薔薇のスタビスキー(1973年製作の映画)
3.6
【金融詐欺】

日本にも金融機関や人々を手玉にとった大規模詐欺事件はあるけれども、こんな風に映画になるのはなかなか難しいのかもしれない。

やられた企業から横槍があるからだ。

「金融腐蝕列島」という映画はあったが、当時のこのモデルになった銀行の知り合いにちょっと聞いたら、何も教えてくれなかった。かん口令があるよつだった。

それと映画になるためには、主人公に、どこか華麗さとかカッコよさが必要なのだと思うが、かなり昔に起きた、日本興業銀行を手玉にとった尾上縫事件は、宮沢りえちゃんあたりが主役だったりしてらどうかと思ったりもする。

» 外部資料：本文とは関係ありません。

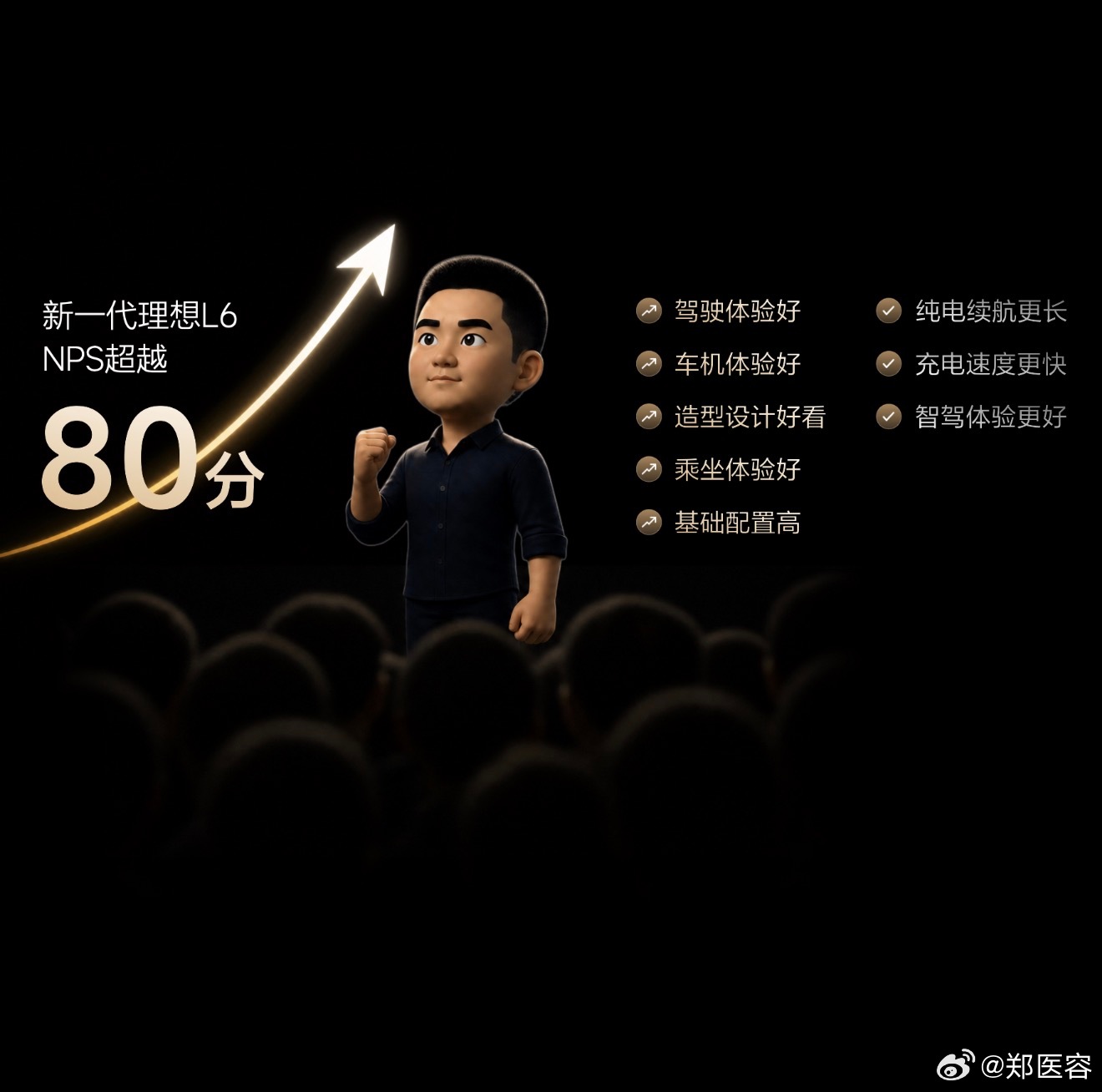 新一代理想L6发布会正在进行中，理想汽车董事长兼CEO李想表示：新一代理想L6的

あの、信用金庫の事件の主人公は悪くなかったが、この事件のようにもっと大規模なのはダメなのだろうか。

アメリカでは、円に換算して4兆円もの詐欺事件となった、マドフの事件が10年以上前にあったが、マドフは終身刑が何個も積み重なって一生刑務所のはずだけれども、巧妙な仕掛けでファンドの運用成績をちょっとずつ誤魔化したというのは、胃がかなり痛くなるだろうと思ったし、これはせめてドキュメンタリー映画にして欲しいと思ったりする。

今でも、相場操縦や利益の付け替えの事件は結構起きる。
インサイダーもそうだ。
先般の、SMBC日興証券の相場操縦事件は、またかという印象だった。

この「薔薇のスタビスキー」のように債券を同じ券面の番号で二回発行するなんて、今では大胆過ぎて考える人はいないと思うが、本当にコメント出来ないほど無茶苦茶な時代があったのだと思う。